Michael Peterson, actuarial analyst at LFG, worked with Hutchinson’s team weekly during the semester. He experienced the many ways students grow throughout the fall in advance of their final presentations, which took place at LFG late in the year.
“What’s unique about actuarial science practice is there’s never going to be a perfectly correct answer,” said Peterson, who co-mentored his team with Matthew Rohman, ’19, actuarial analyst. “You’re going to notice trends and unique instances, and then explain what you uncovered. It was fun to see a big shift between the presentations and see students pick up a greater understanding of actuarial science business as we progressed.”
Peterson told students to focus on the story they are trying to tell. He saw Hutchinson play a key role in making the data come to life during their team presentation.
“Some of the students were mind-blowingly good at machine learning and data analysis. Robert excelled at being able to pull those students together and remind everyone they still needed to be able to tell a story about the data. He was able to help incorporate it into a final conclusion. He bridged the gap between the data analysis and practical application,” said Peterson.
Andy Nelson, ’16, associate actuary at LFG, also participated in the final presentations. He shared how the students made a great impression on his company.
“The students presented to some high-level managers in our organization,” Nelson said. “Everyone from our company were very impressed with their findings. What’s great is that a lot of what they provided is actual actionable insights, and it’s likely we will take those findings and implement some of them into business strategies going forward.”
Getting together with teammates regularly helped Hutchinson fully understand the data and communicate the story to LFG management. He believes he now has a better idea of what to expect when he starts his first professional job at Milliman in Omaha after graduating this semester.
“This project threw you into the fire where you have to explore and let your curiosity guide you. Our mentors knew we were all very new to the process, so they were forthcoming with information, and when we met with them in person, they would draw graphs to make it easier to understand key points. It helped create that drive to want to go do more research so you can come back the next day and be better than you were the day before,” Hutchinson said.
Sue Vagts, director of the Actuarial Science program and Ameritas Faculty Fellow, helped initiate the project with Heather Clemens, assistant director and assistant professor of practice.

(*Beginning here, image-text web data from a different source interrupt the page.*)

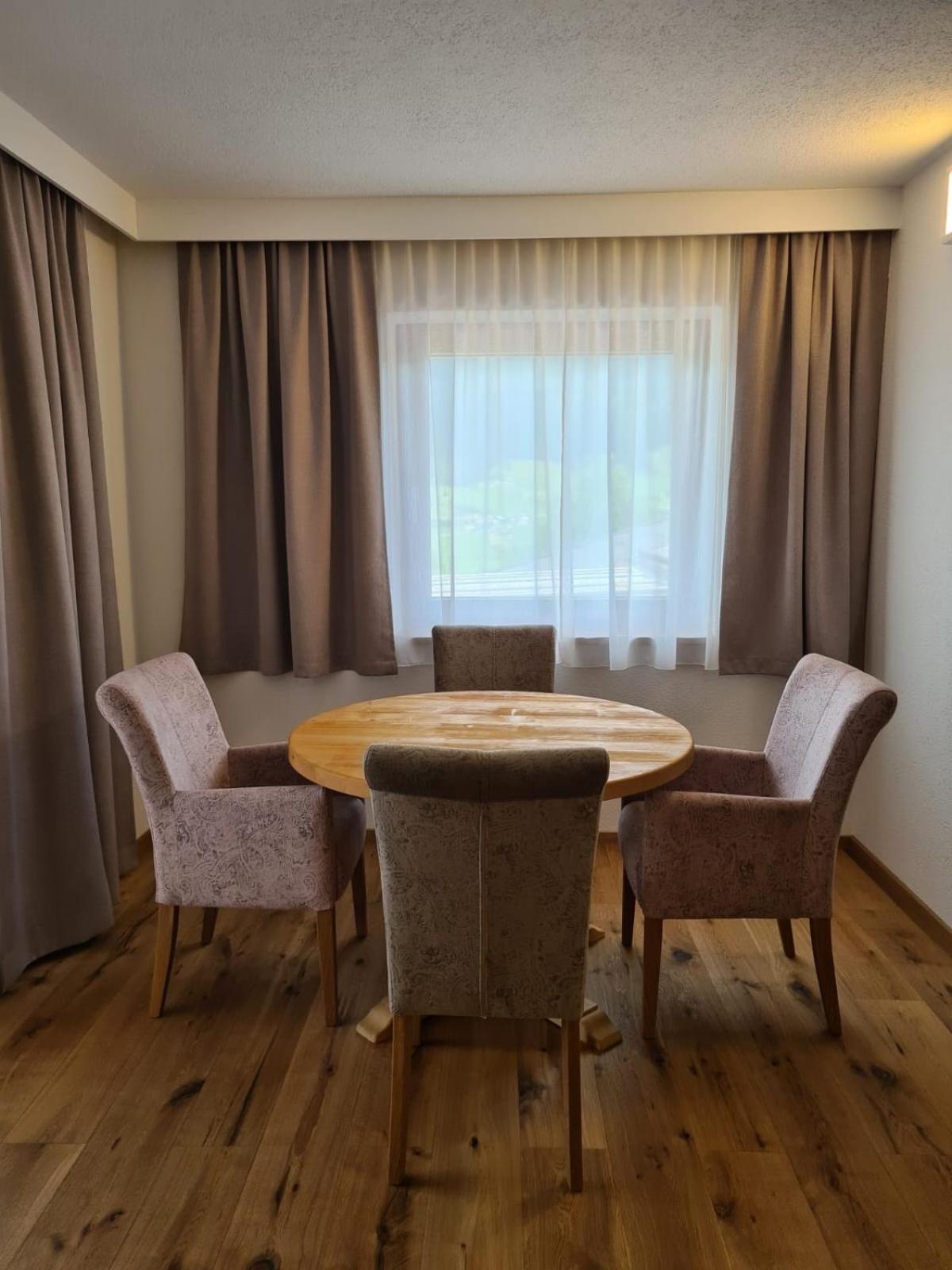 Apartment Huter Єрценс Екстер'єр фото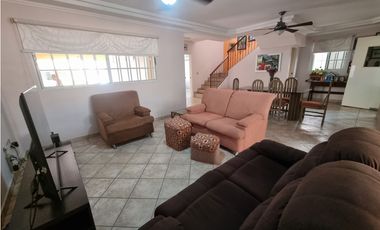 Venta de Casa Altos de Panama (PD)
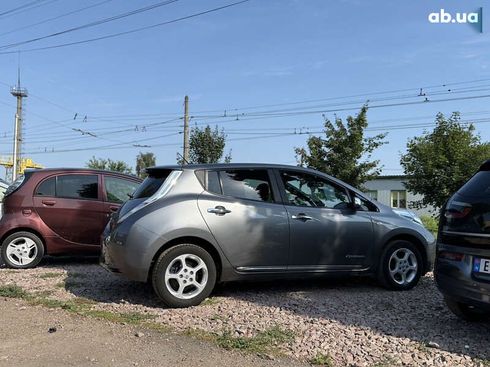 Nissan Leaf 2015 - фото 5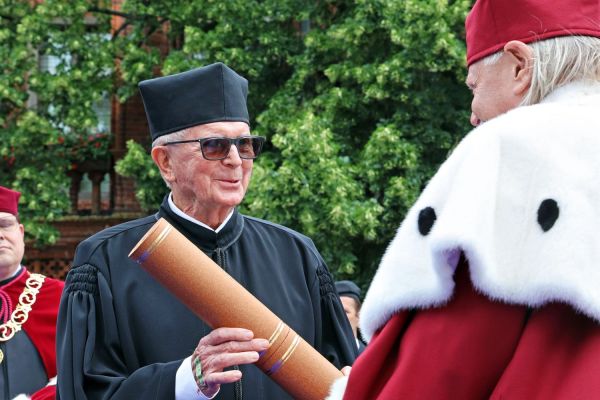 Uroczysty Senat UMK na Rynku Staromiejskim (24.06.25) [fot. Andrzej Romański] Kliknij, aby powiększyć zdjęcie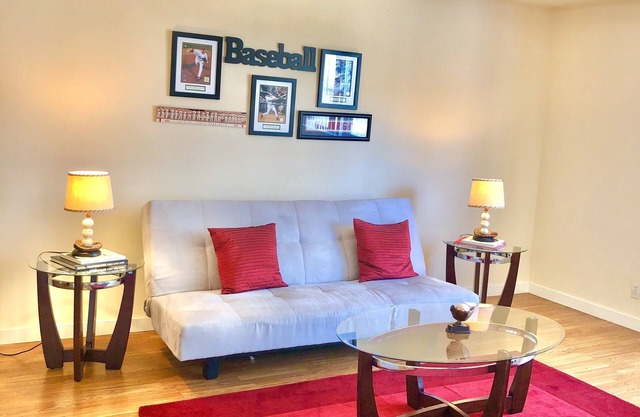 Retro Downtown STL Airbnb (Baseball Themed)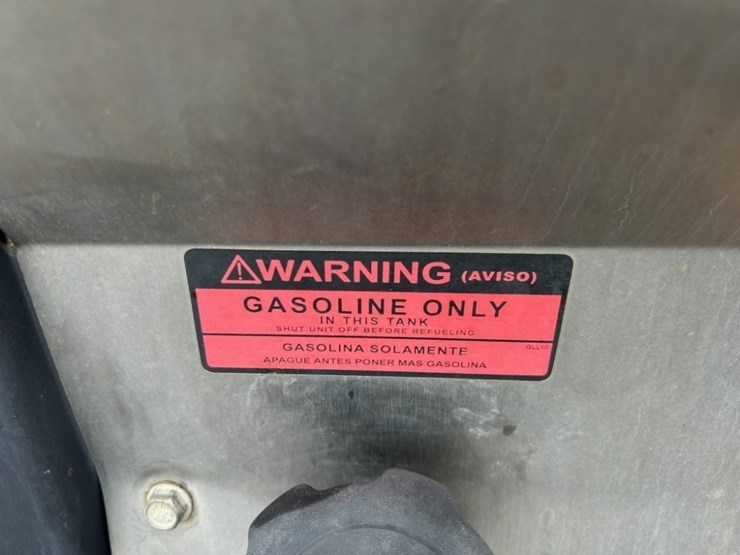 hydrotek-ss30005vs-towable-pressure-washer-image-20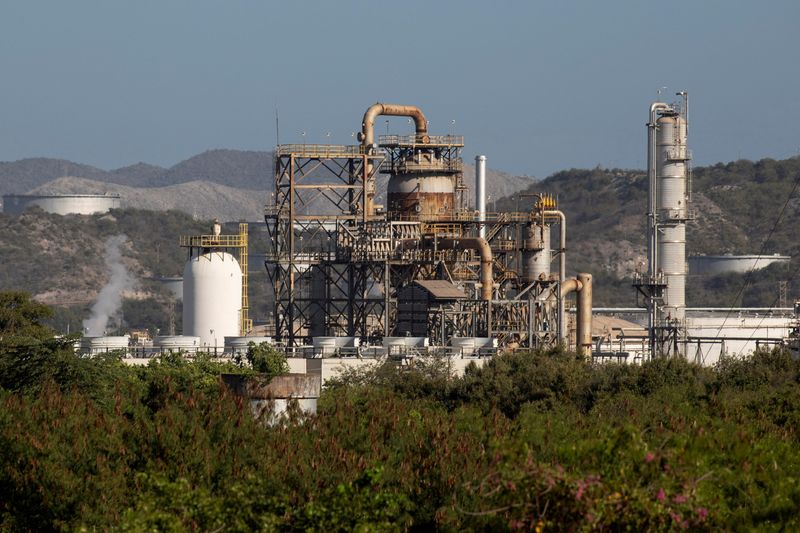 Oil slips as investors assess supply outlook, US stock build Oil slips as investors assess supply outlook, US stock build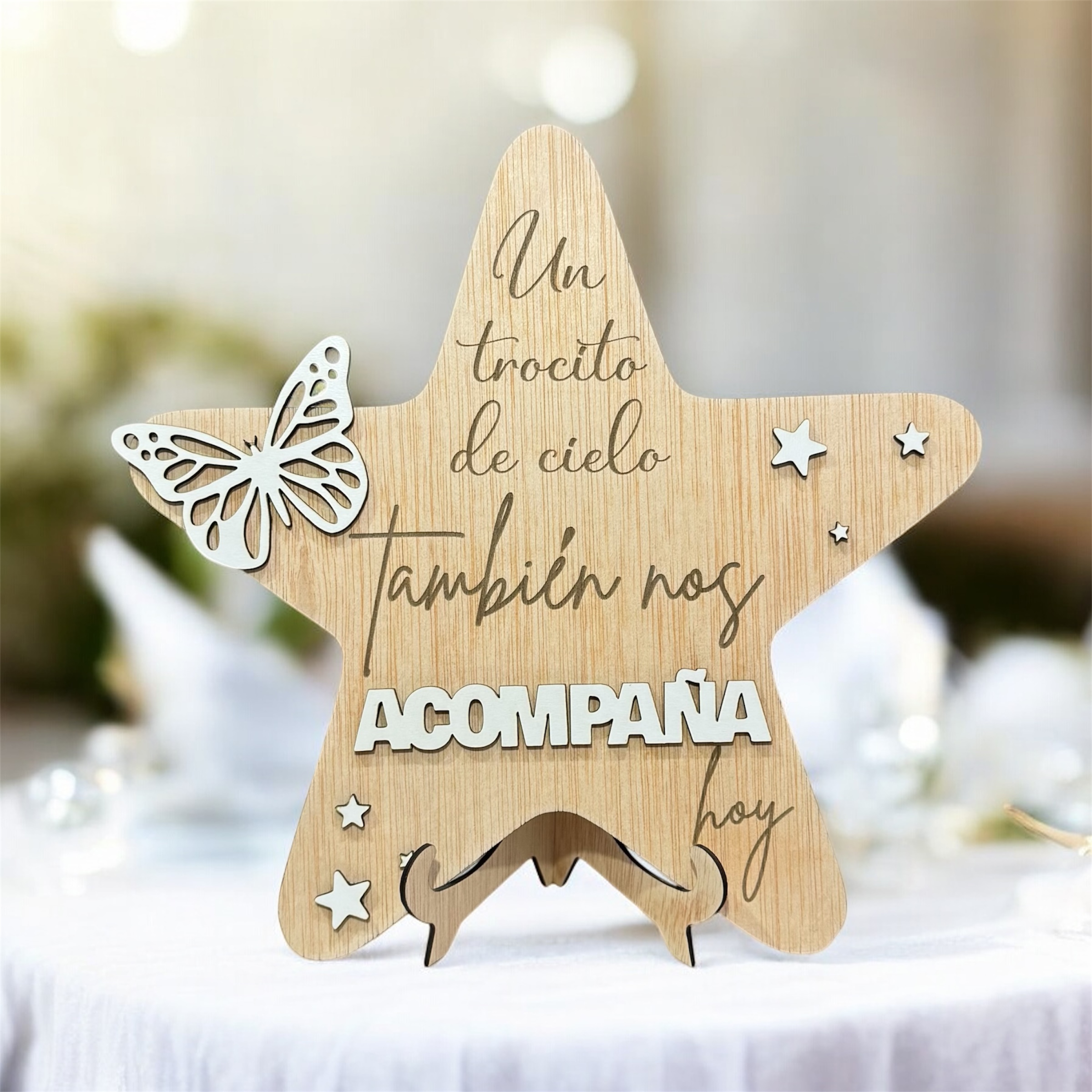 Estrella madera con soporte «Un trocito de cielo también nos acompaña hoy»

“This semester was the first time we’ve partnered in this way with LFG,” said Vagts. “Our advisory board helped us come up with this idea to give our students more internship-like experiences. LFG collaborated with us by bringing in a significant case study to solve a real-world problem. It gives our students an opportunity to address the problem in their own way and better prepare them for their initial jobs in actuarial science.”